Leave every image out, and print the remaining lines below exactly.

■ SUPPLIED INFORMATION:
********************
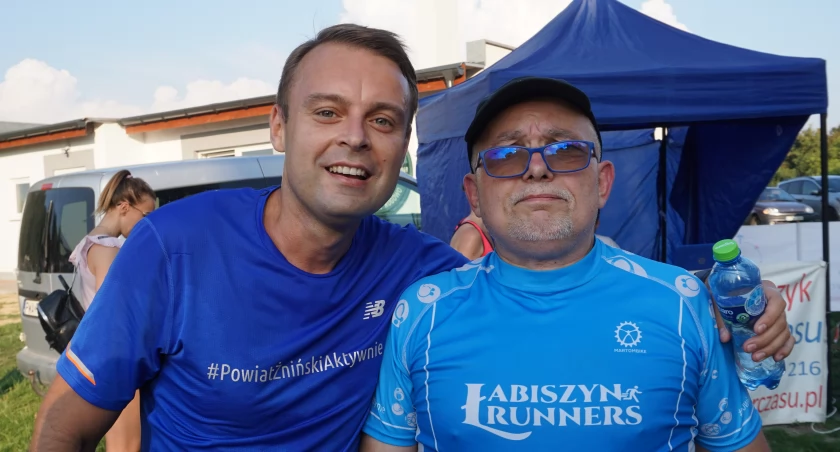 Ponownie wicestarosta żniński Andrzej Hłond oraz kierownik wydziału promocji i rozwoju lokalnego Starostwa Powiatowego w Żninie Łukasz Kwiatkowski po ukończonym I Biegu Rogowskim fot. Justyna Kulpińska fot. Justyna Kulpińska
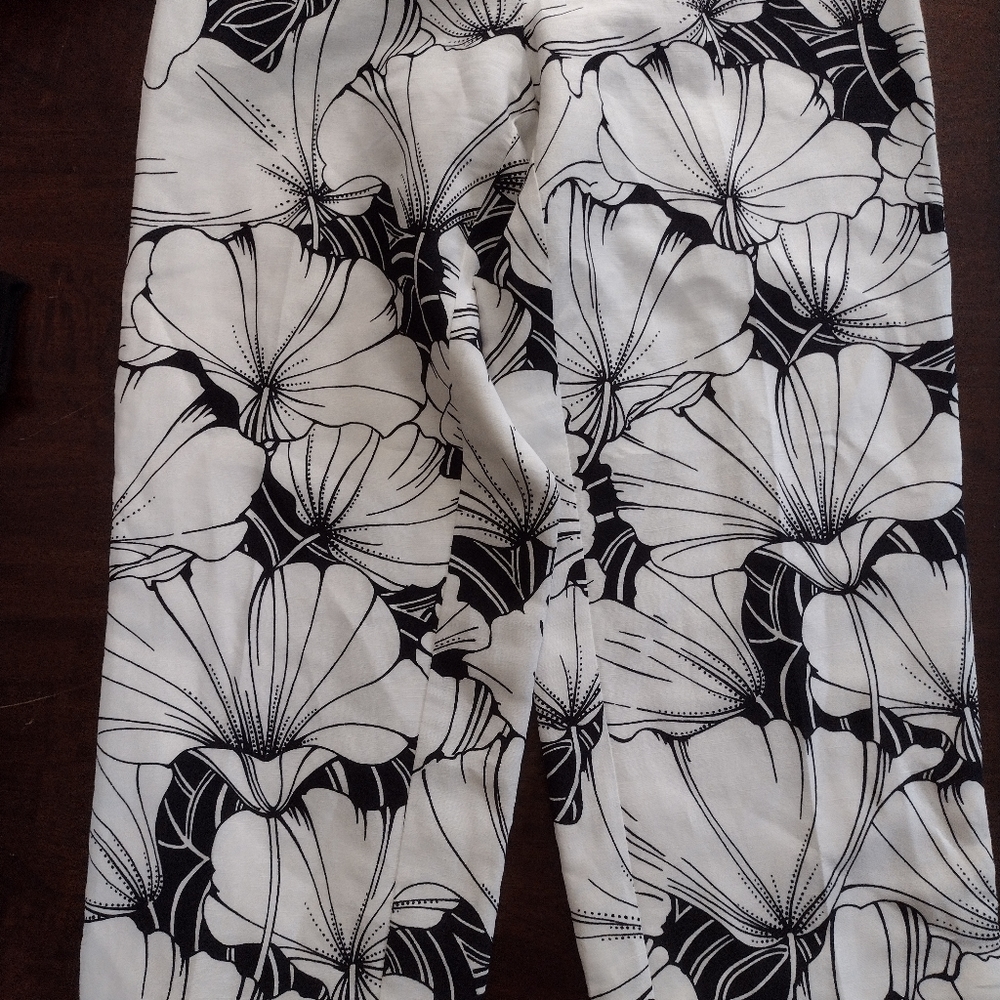 Ann Taylor LOFT Petite capri pants, white and black floral, size 2P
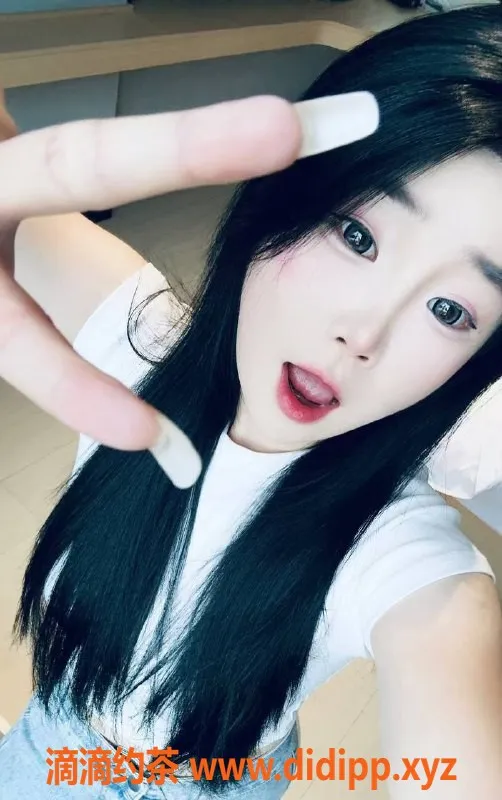 深圳楼凤-深圳福田苏小曼，22岁大胸美丽佳人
********************
■ ANSWER TO THIS EXERCISE:
 Ponownie wicestarosta żniński Andrzej Hłond oraz kierownik wydziału promocji i rozwoju lokalnego Starostwa Powiatowego w Żninie Łukasz Kwiatkowski po ukończonym I Biegu Rogowskim fot. Justyna Kulpińska fot. Justyna Kulpińska
 Ann Taylor LOFT Petite capri pants, white and black floral, size 2P
 深圳楼凤-深圳福田苏小曼，22岁大胸美丽佳人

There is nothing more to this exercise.